Lloyds in red as it takes £4bn hit on insurance protection
Lloyds bank said it will take a £3.2bn provision to cover it for losses from the mis-selling of protection insurance and suffered another £1.1bn hit in Ireland.
The part-nationalised bank said it made the provision against payment protection insurance (PPI) complaints after UK banks last month lost a court case on how policies were sold to millions of customers.
After discussion with Britain’s financial watchdog, Lloyds said “there are certain circumstances where customer contact and/or redress will be appropriate,” even though there remains uncertainty. It could see rivals also make big provisions.
Lloyds will not be involved with any industry appeal against the ruling and its provision should “draw a line under the issue” for the bank, chief executive Antonio Horta-Osorio said.

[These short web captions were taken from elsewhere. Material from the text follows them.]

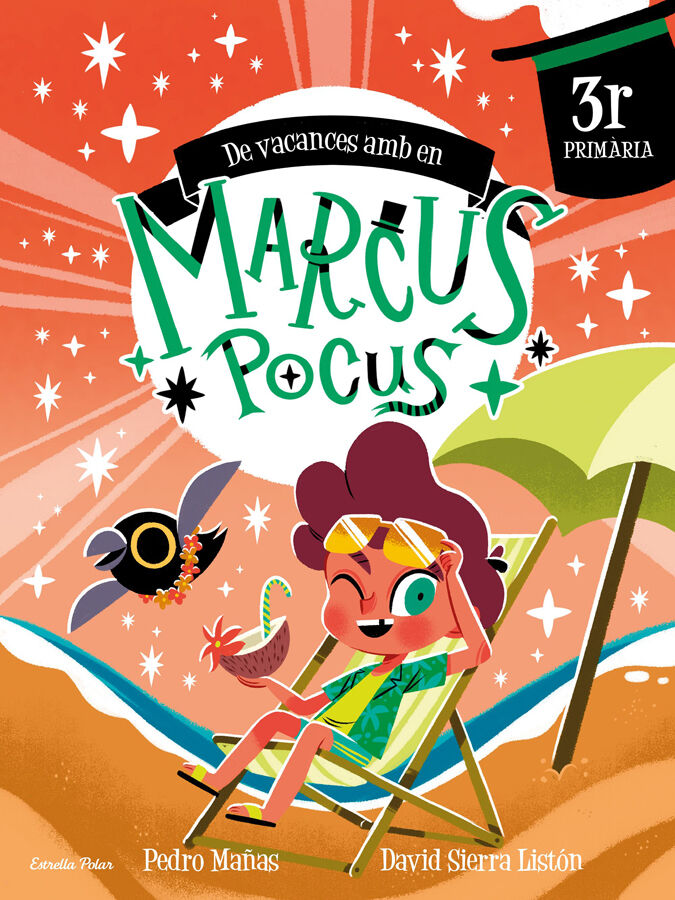 Marcus Pocus. Quadern de vacances. 3r de Prim&agrave;ria
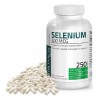 Selenio Selenium 200mcg (250 Cápsulas)bronson Hecho En E.u. Sabor Sin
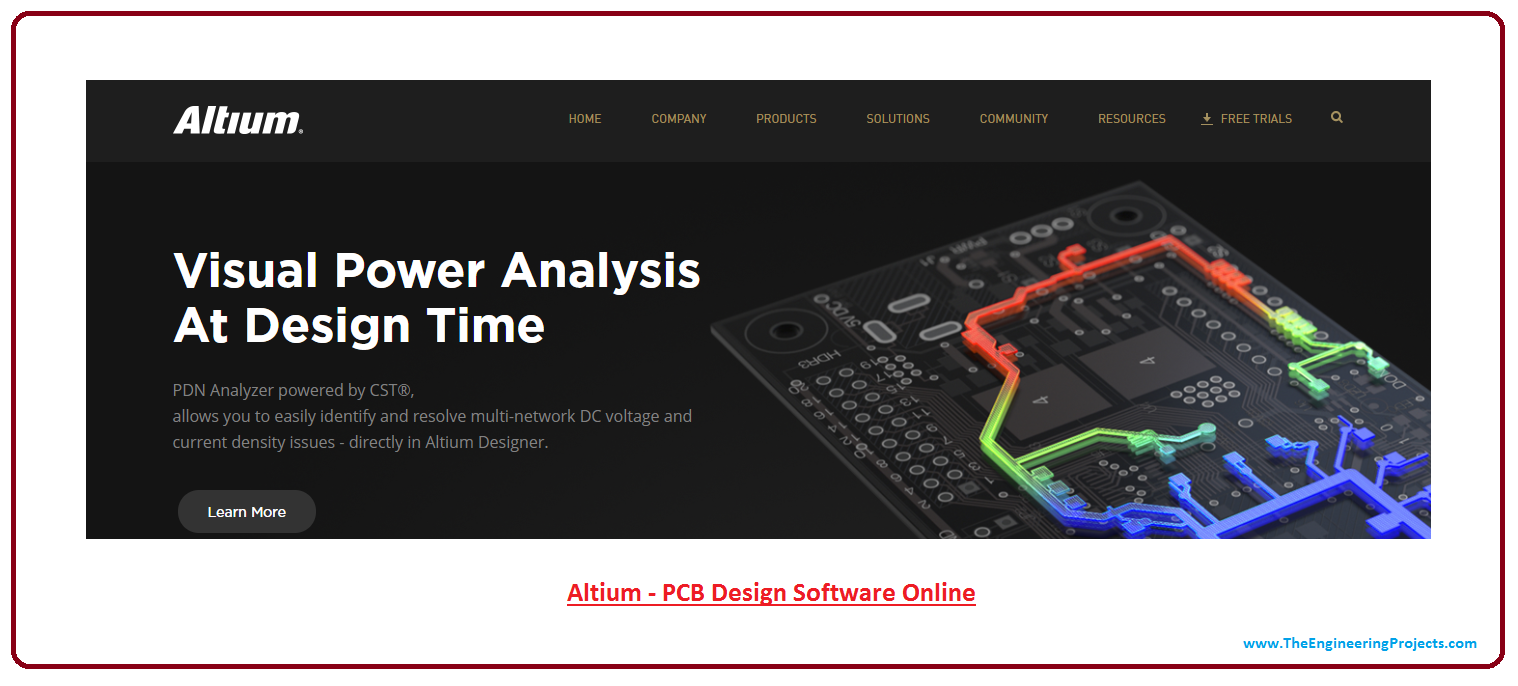 Top Online PCB Design Services - The Engineering Projects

Lloyds reported a statutory loss of £3.5bn in the first quarter, compared to a £721m profit a year ago. It said its pretax profit was £284m before the PPI provision and other one-off items.
Losses from bad loans rose to £2.6bn in the first quarter, up from £2.4bn a year ago but down from £3.8bn in the previous quarter. It said the first quarter hit was £500m more than it expected, mainly due to Ireland, where losses hit £1.1bn.
The bank said its net interest margin dipped to 2.07 per cent in the fist quarter, from 2.12 per cent in the previous quarter due to increased wholesale funding costs.
The government holds 41 per cent of Lloyds and has an 83 per cent holding in Royal Bank of Scotland after bailing out both banks with billions of pounds worth of taxpayers’ money during the credit crisis.